Rothbard made easy
There are a lot of good ideas floating around out there. But occasionally, someone like my friend B.K. Marcus comes up with a really outstanding idea -- like Economics 101, a single MP3 CD containing nine complete Murray Rothbard lectures on economics from the ground up. B.K. does a lot of work for the Ludwig von Mises Institute, and he writes, "This one's my baby. My brain child. I conceived it. I nurtured it from a pup. I can't take responsibility for Chad's beautiful visual design, or for the genius of Rothbard's teaching, but it's mine anyway. I couldn't be more proud."
I've been reading Rothbard since I was 16. But I also had the good fortune to hear him lecture and even speak with him several times over 24 years. The first time was at USC in 1970, at the "Left-Right Festival of Liberation" sponsored by Rampart College and the California Libertarian Alliance; I believe that was billed as Murray's "first West Coast appearance." The last time was in late 1994, just a couple of months before his death, at a meeting of the John Randolph Club in Arlington, Virginia. As great a writer as Murray was, there was nothing quite like listening to him. He was a great teacher, and he was funny as hell. And his laugh was unforgettable.

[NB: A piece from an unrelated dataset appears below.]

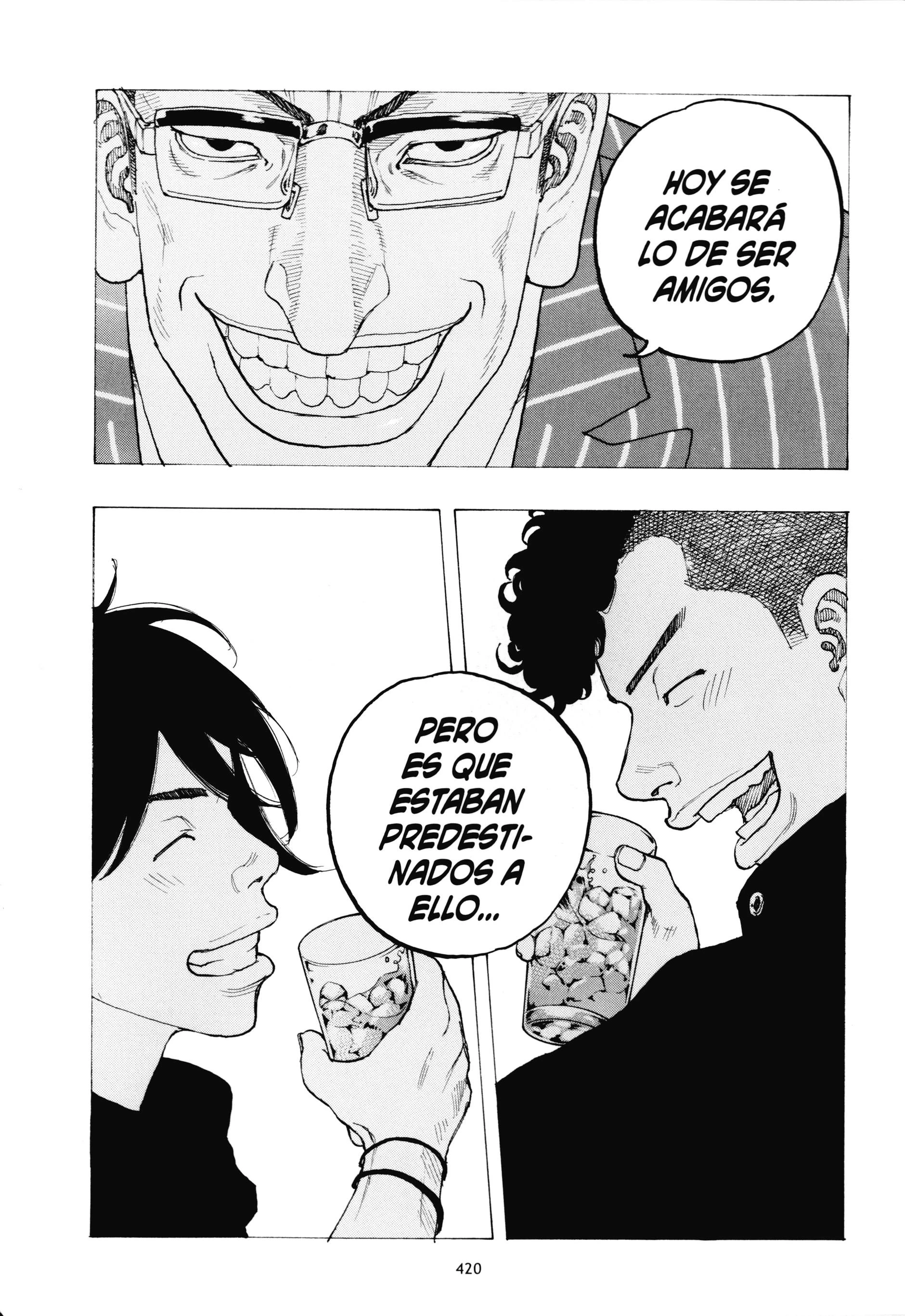 Dessert Eagle - Capítulo 16 - Página 17 - LectorTMOo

Economics 101 is described at the Mises.org site as "free-wheeling, generously peppered with anecdotes, packed with humor." But the site adds, "After listening to these ten hours of audio, you will know more real economics than most econ majors."
This CD is the kind of concussion device we need to place in the hands of family and friends who still don't "get it" when we shake our heads at the latest government tamperings with the market. Thanks, Murray. And thanks, B.K., for dreaming up this wonderful educational tool.